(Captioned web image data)
# # # #

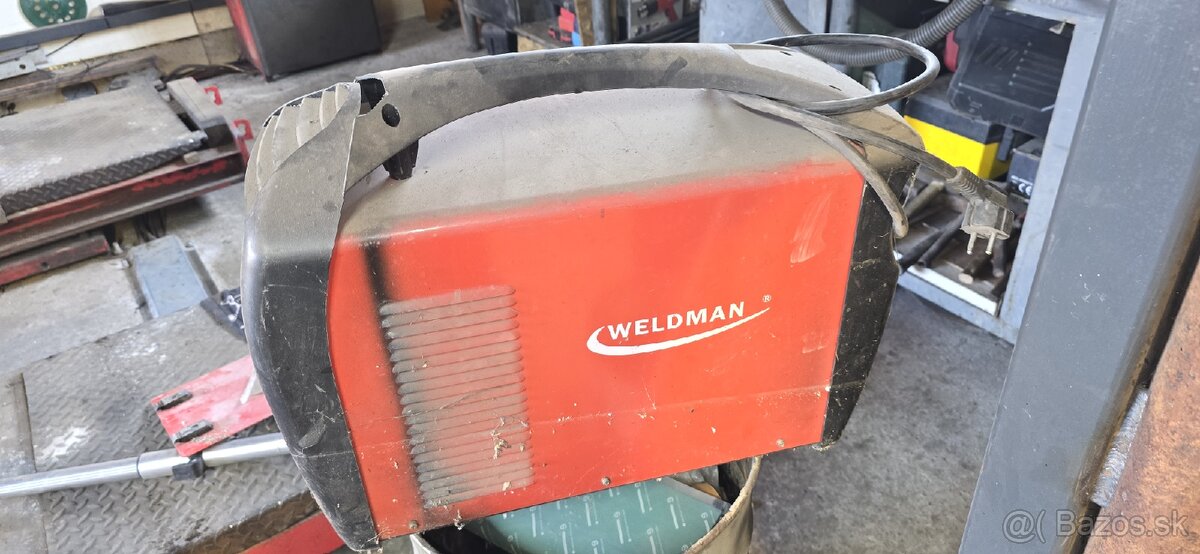 Co2 Weldman - 2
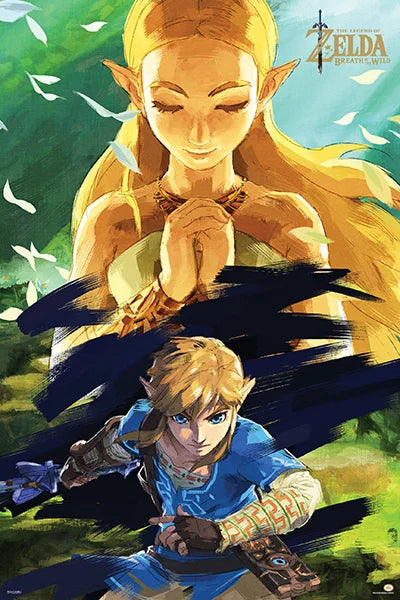 Legend of Zelda: Breath of the Wild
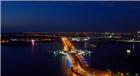 中海夜景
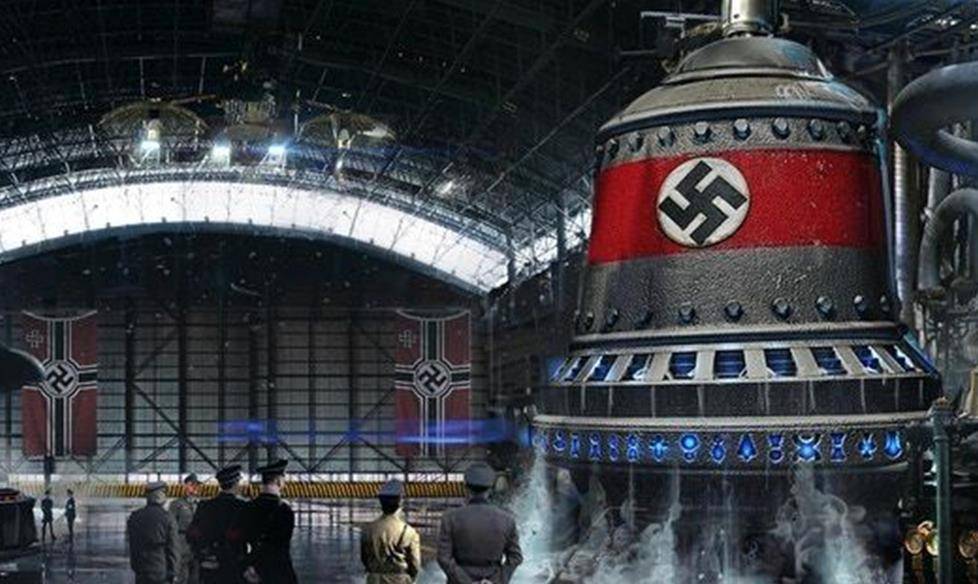 二战德国黑科技确实很疯狂得亏这些大杀器没能都投入到战场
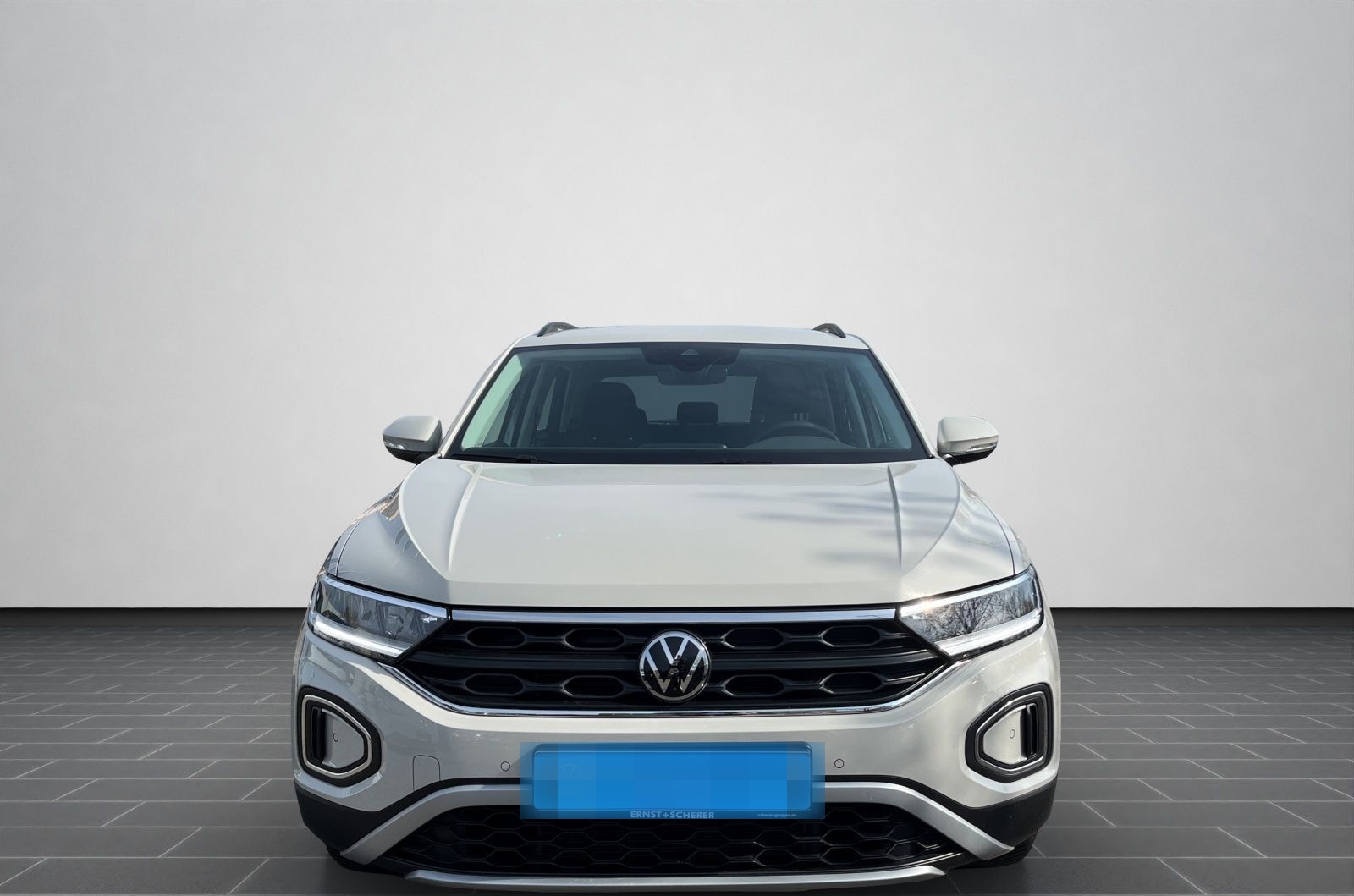 Volkswagen T-Roc 1.0 TSI Life LED+ACC+Navi+Climatr+App+Sitz foto 5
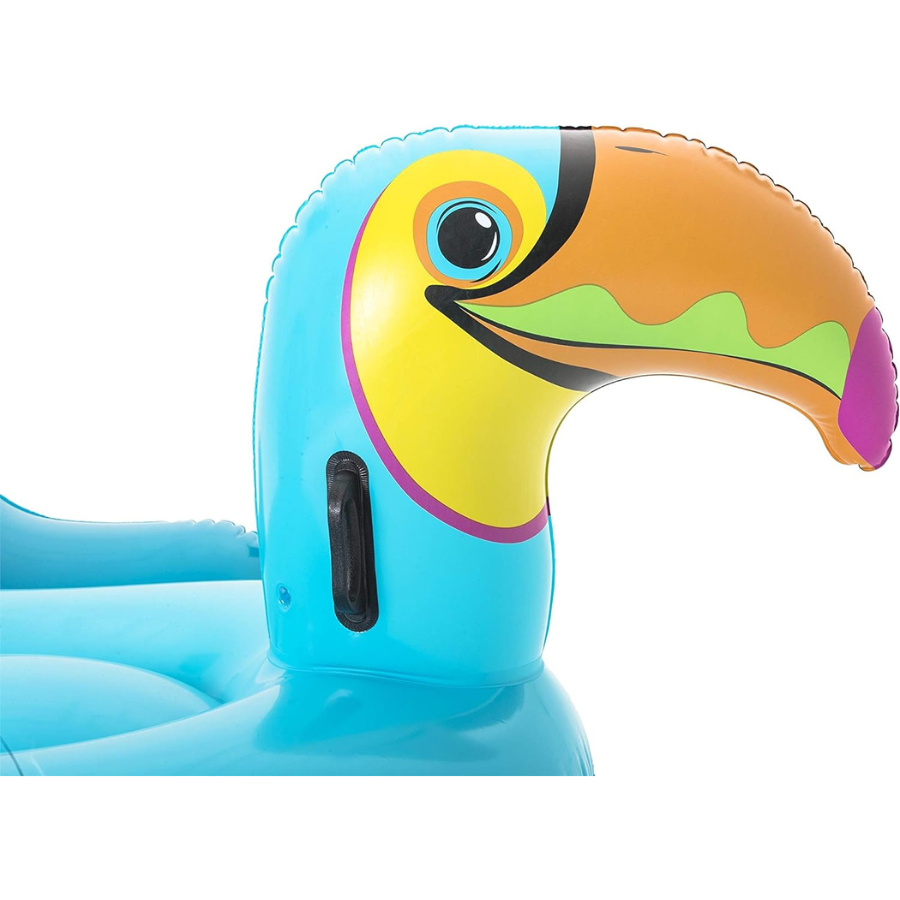 Bestway Tipsy Toucan beak detail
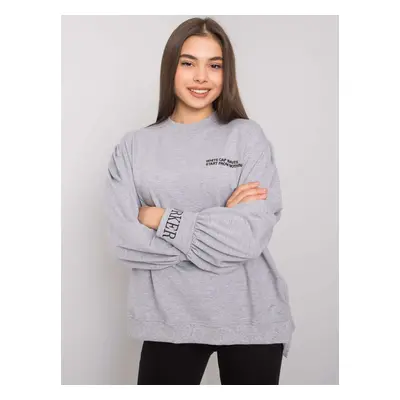 Sweatshirt-RV-BL-7164.51P-gray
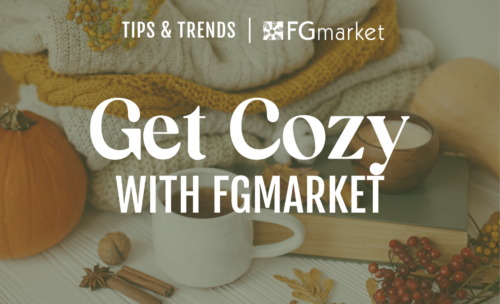 Get Cozy with FGmarket!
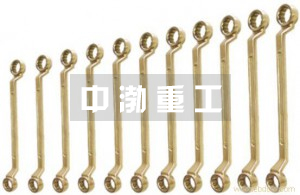 成套雙頭梅花扳手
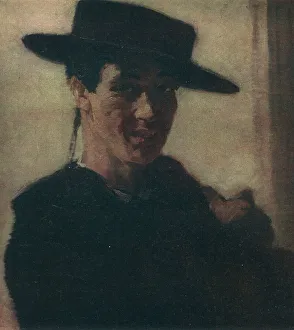 Portrait Of A Woman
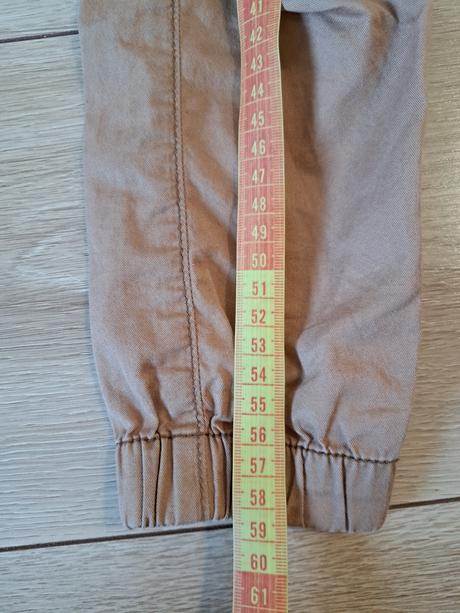 H&m, pompdelux bavlnené nohavice, h&m,104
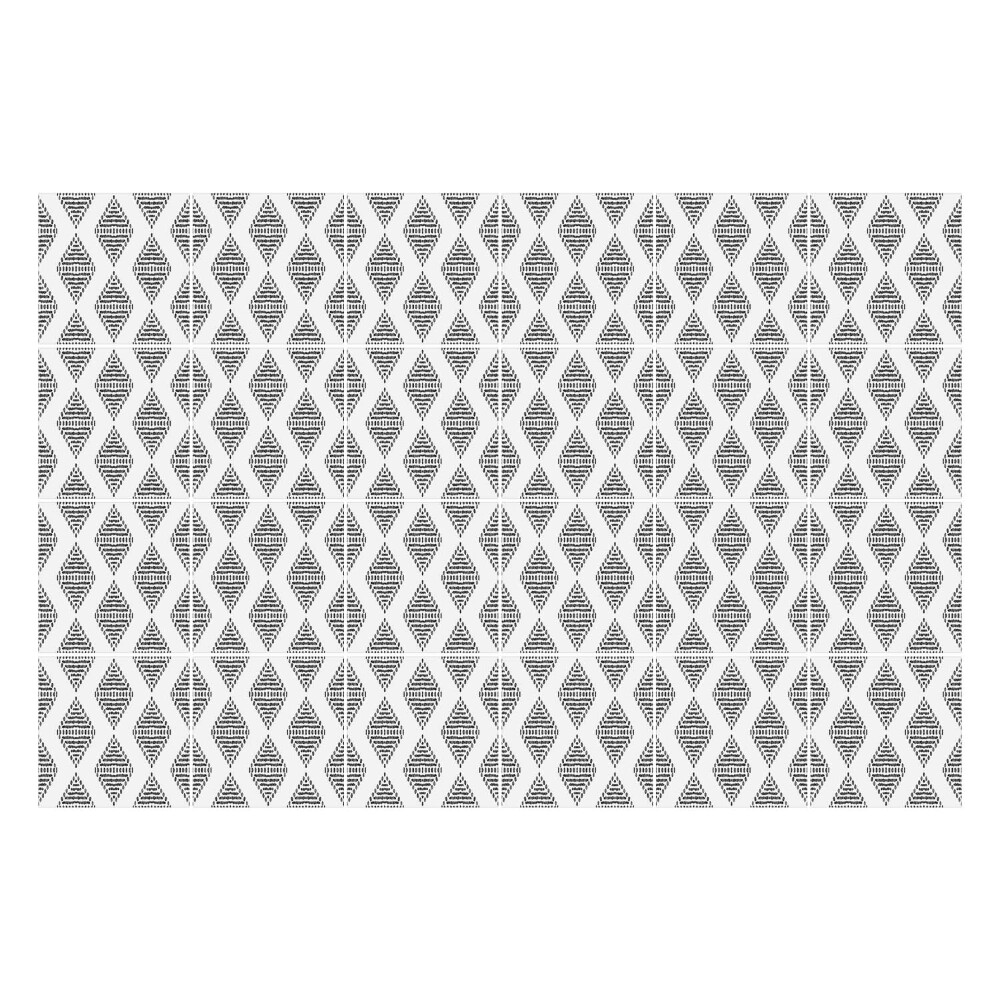 Autocolante gresie si faianta Rhomburi care rulează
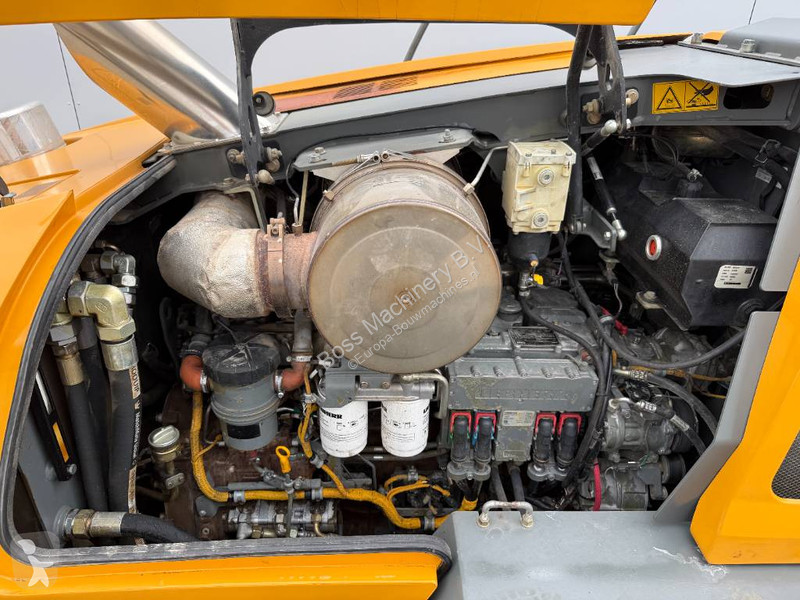 Læssemaskine Liebherr - Quick Coupler / 4 Good...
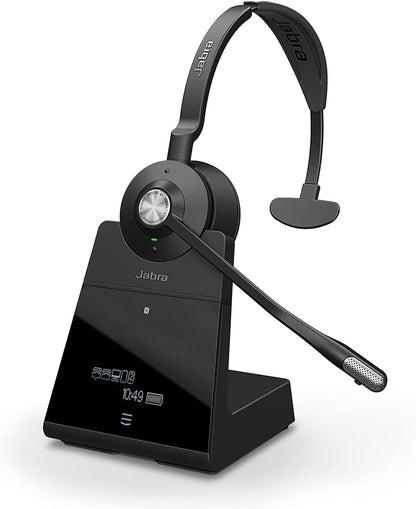 Jabra Engage 75 Mono On-Ear Dect Headset mit Basisstation 9556-583-111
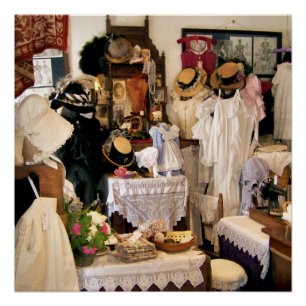 VIKTORIANISCHES ENGLAND POSTER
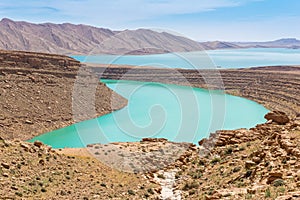 Ziz River in Morocco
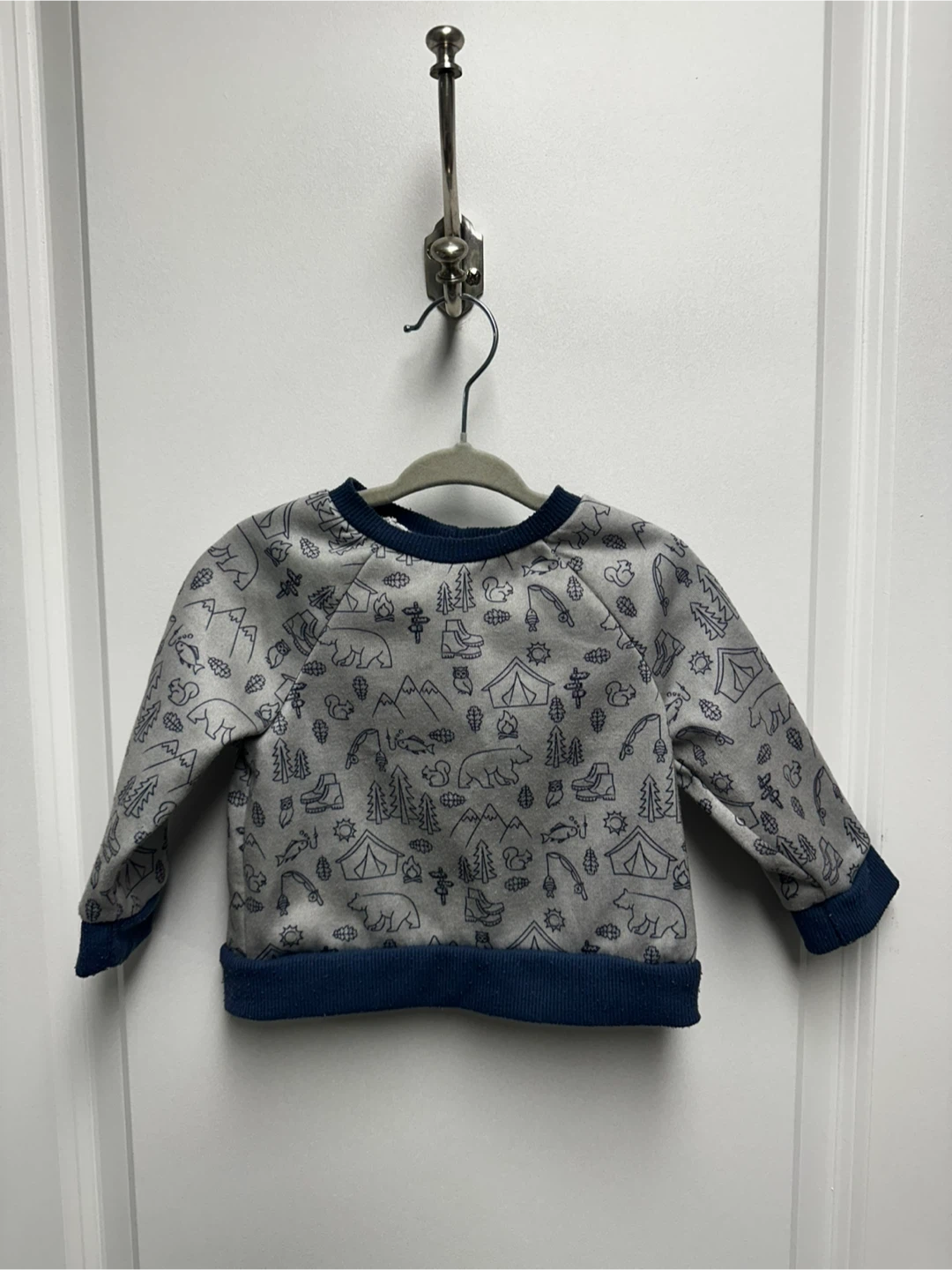 Baby boy Sweater - 6-9 Months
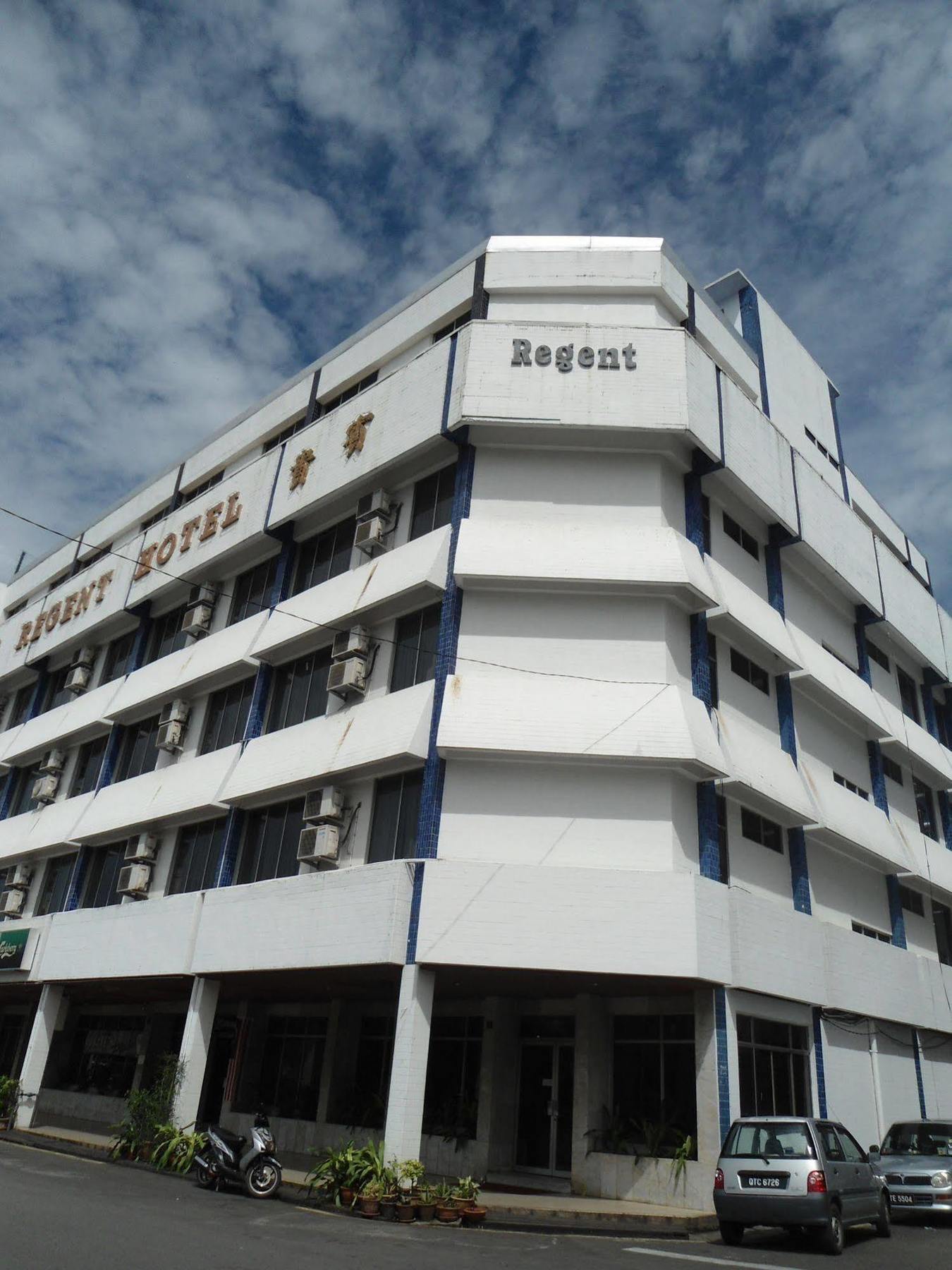 Regent Hotel Bintulu Exterior photo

# # # #

TO DO
Starting with the first line of the data, transcribe every line exactly through the one containing "Portrait Of A Woman". No pictures go in.

COMPLETED EXERCISE
 Co2 Weldman - 2
 Legend of Zelda: Breath of the Wild
 中海夜景
 二战德国黑科技确实很疯狂得亏这些大杀器没能都投入到战场
 Volkswagen T-Roc 1.0 TSI Life LED+ACC+Navi+Climatr+App+Sitz foto 5
 Bestway Tipsy Toucan beak detail
 Sweatshirt-RV-BL-7164.51P-gray
 Get Cozy with FGmarket!
 成套雙頭梅花扳手
 Portrait Of A Woman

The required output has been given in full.